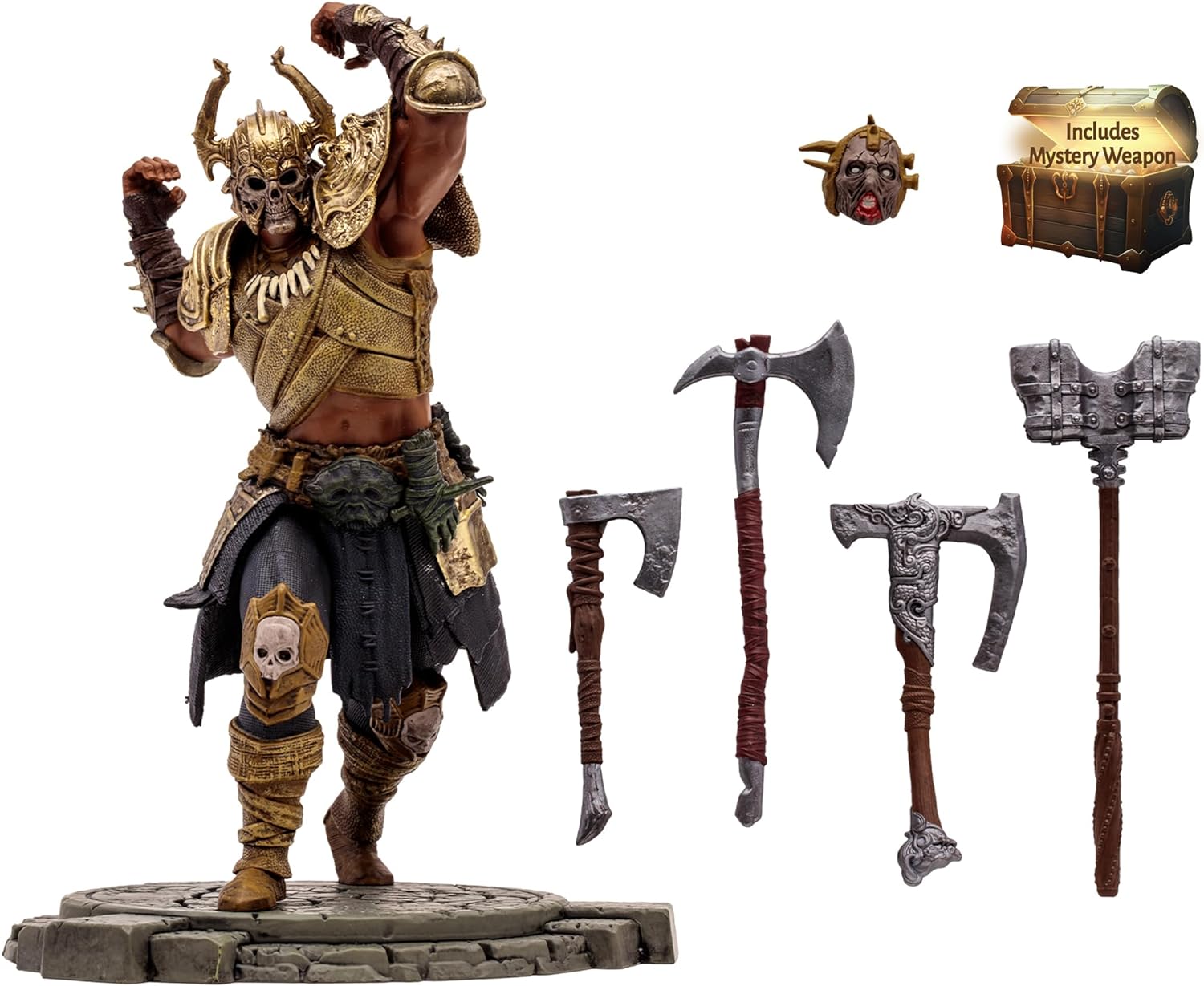 McFarlane Toys - Diablo IV Upheaval Barbarian (Rare) 1:12 Scale Posed Figure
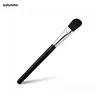 Sulunmo Small Powder Makeup Brush - Precise Compact Flat-Top Bristles for Setting Powder, Blush & Contour, Premium Soft Synthetic Fiber, Professional Cosmetic Tool with Ergonomic Black Handle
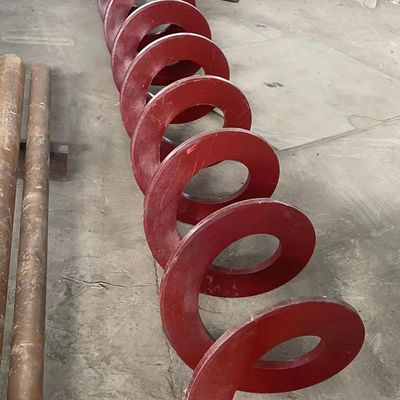 Băng tải trục vít không trục bằng thép carbon 50m3/H Băng tải xoắn ốc bằng thép không gỉ tự động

--------

[What this task involves]:
Beginning with the line containing "Sulunmo Small Powder" and ending with the last line of the data above, repeat each line exactly. Include no pictures and no other lines.

[Output of the exercise]:
 Sulunmo Small Powder Makeup Brush - Precise Compact Flat-Top Bristles for Setting Powder, Blush & Contour, Premium Soft Synthetic Fiber, Professional Cosmetic Tool with Ergonomic Black Handle
 Băng tải trục vít không trục bằng thép carbon 50m3/H Băng tải xoắn ốc bằng thép không gỉ tự động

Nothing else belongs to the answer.